Binance US walks away from proposed $1bn deal for Voyager Digital assets

Binance US is abandoning its proposed $1bn acquisition of assets belonging to Voyager Digital, bringing to an end the exchange’s long-running effort to purchase the bankrupt crypto lender’s assets.
Binance US — the American arm of crypto conglomerate Binance — has sought for months to convince regulators to give the green light to the acquisition. Its efforts have run into several road blocks, including opposition from the Securities and Exchange Commission and the Committee on Foreign Investment in the US, or Cfius, an inter-agency panel that screens proposed acquisitions for national security risks.

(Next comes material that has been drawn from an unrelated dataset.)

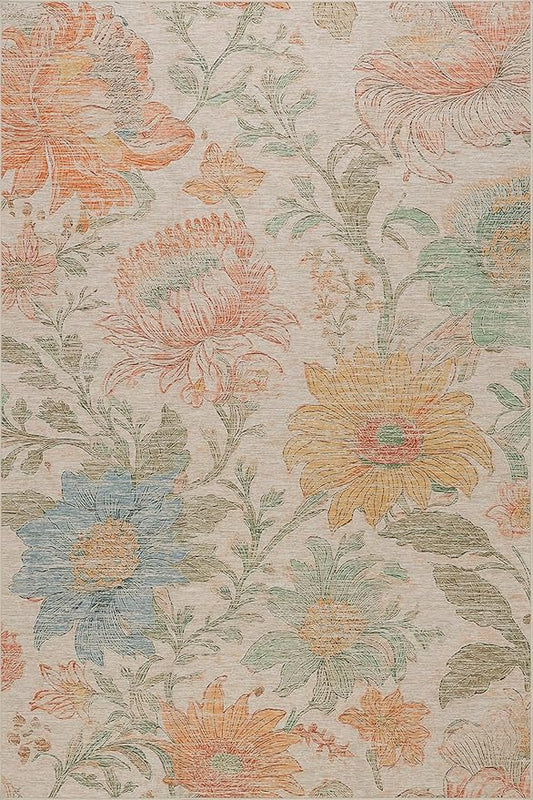 Dash & Albert Zell Multi Machine Washable Rug, 6 X 9 Feet, Multicolored/Tan Floral Pattern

Voyager Digital tweeted on Tuesday that it received a letter from Binance US advising of the termination. It described the decision as “disappointing”, and said the reorganisation plan in its Chapter 11 bankruptcy proceedings allowed for a direct distribution of cash and cryptocurrency to customers.

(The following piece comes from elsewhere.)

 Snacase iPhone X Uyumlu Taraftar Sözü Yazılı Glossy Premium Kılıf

The collapse of the proposed deal represents yet another blow to the crypto industry’s efforts to establish itself in the US amid a crackdown on digital assets by American regulators.
“Any time you have a company that says it wants to go in one direction and then it has to pull the plug, that’s not good,” said one Washington lobbyist who was previously approached for a job with Binance.

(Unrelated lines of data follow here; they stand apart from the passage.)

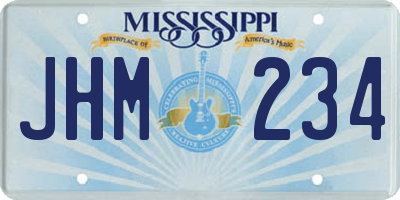 MS license plate JHM234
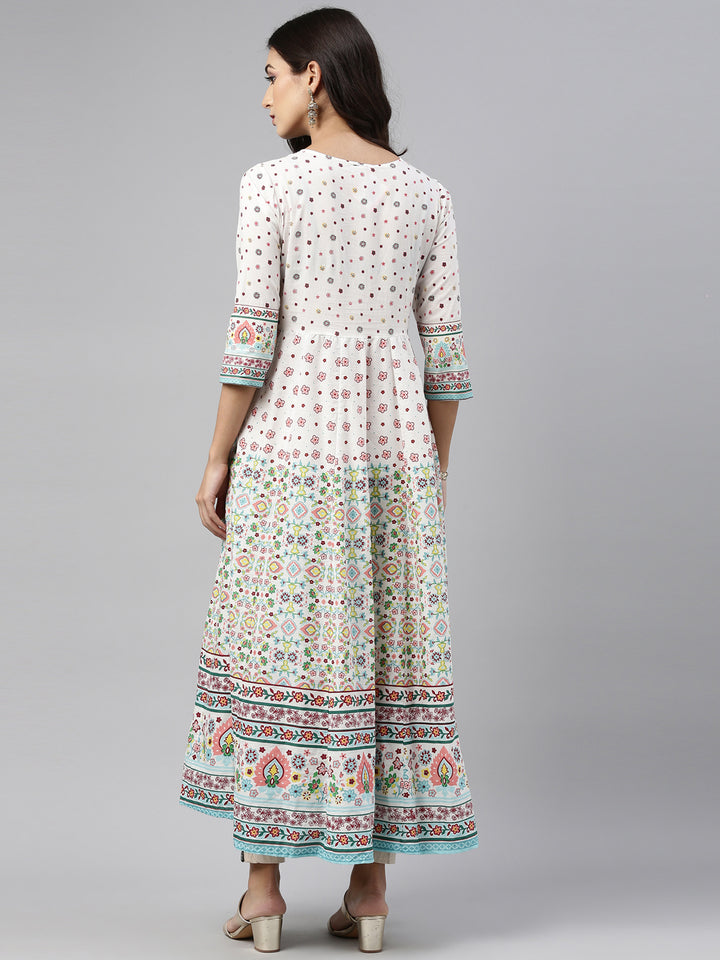 Neerus Rama Color Cotton Fabric Tunic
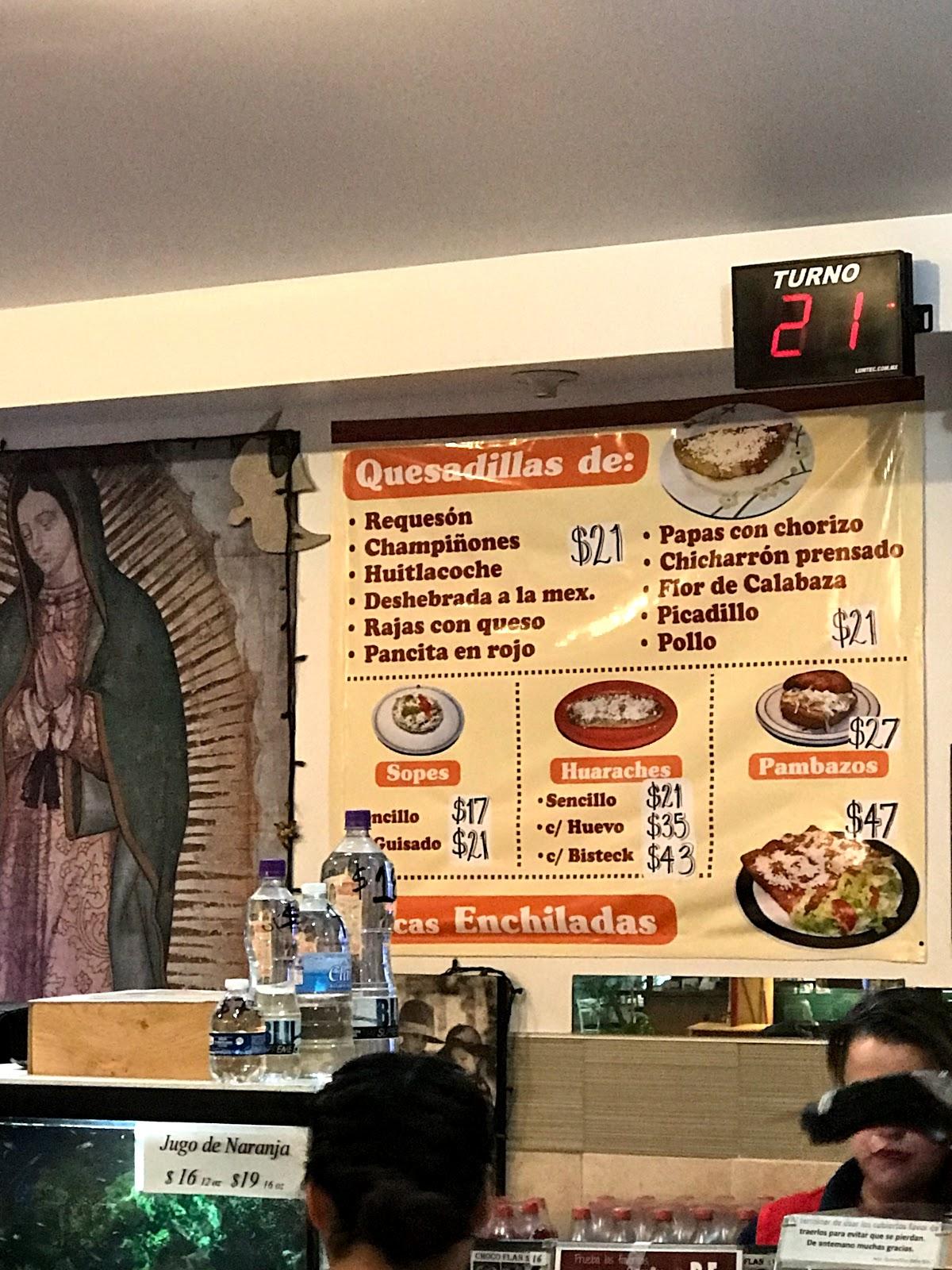 Menu at Quesadillas Estilo D.F. restaurant, Ciudad Juarez, Av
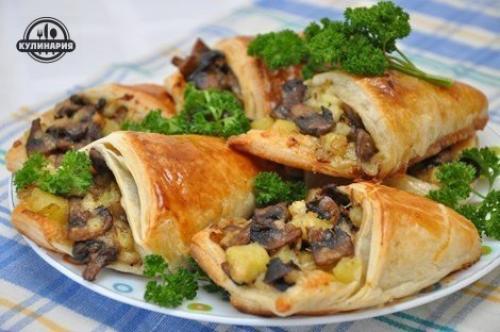 Грибные кулёчки.  Ингредиенты:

Earlier this year, Binance chief executive Changpeng Zhao said the company intended to pull back on potential investments in the US as a result of a regulatory push from several American watchdogs that have trained their sights on crypto business.
Binance has long claimed that its American affiliate licenses its technology but remains an independent entity. However, links between the two exist, including Zhao, who remains the ultimate beneficial owner behind Binance US.
Earlier this year US regulators sued Binance, alleging much of its reported trading volume and profit came from access to US customers, undermining the group’s longstanding claims that both entities are separate.
Last month, the Financial Times revealed Binance hid substantial ties to China for several years, including an office in Shanghai and one Chinese bank that was used to pay some employee salaries.
Binance US said the “hostile and uncertain regulatory climate in the United States has introduced an unpredictable operating environment”.